- _DATA BELOW_
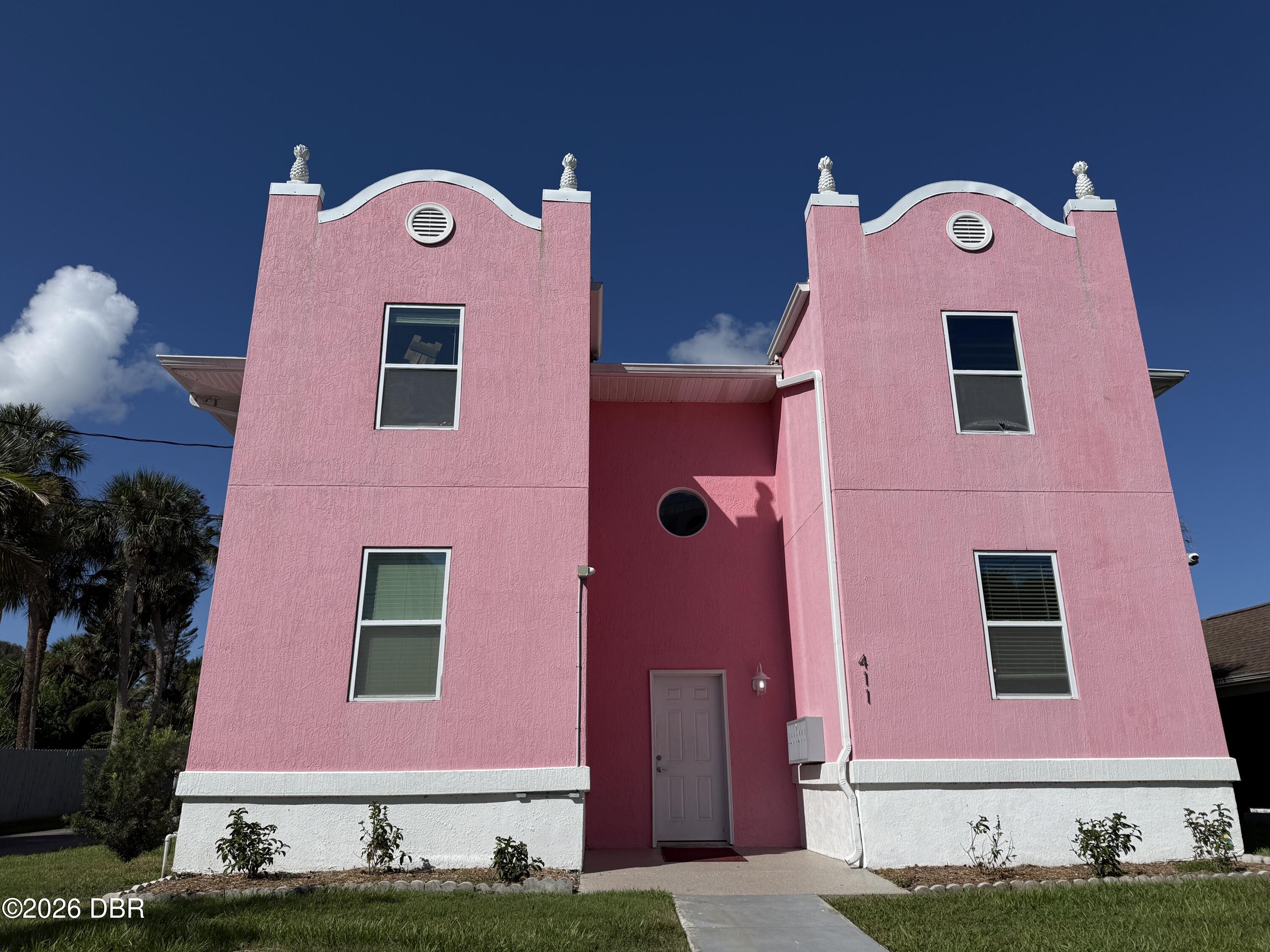 411 N Wild Olive Avenue 7 — photo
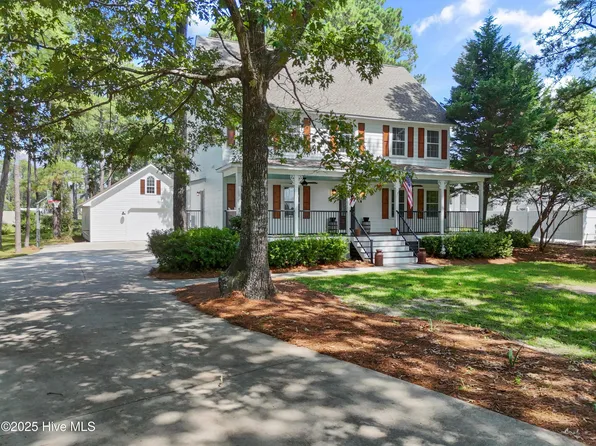 6486 Walden Pond Lane, Southport, NC 28461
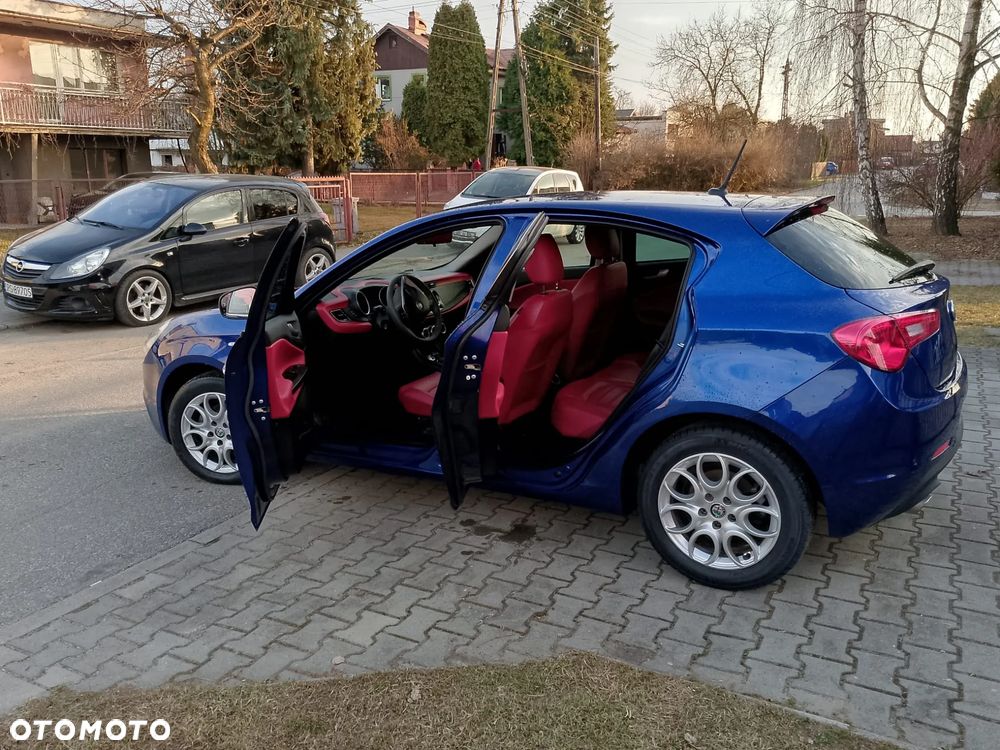 Alfa Romeo Giulietta 1.6 JTDM Super - 5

- _DIRECTIONS FOR THIS TASK_
Write down exactly the lines running from the line with "6486 Walden Pond Lane, Southport, NC 28461" through the end of the material, both ends included, and none of the pictures.

- _TASK SOLUTION_
 6486 Walden Pond Lane, Southport, NC 28461
 Alfa Romeo Giulietta 1.6 JTDM Super - 5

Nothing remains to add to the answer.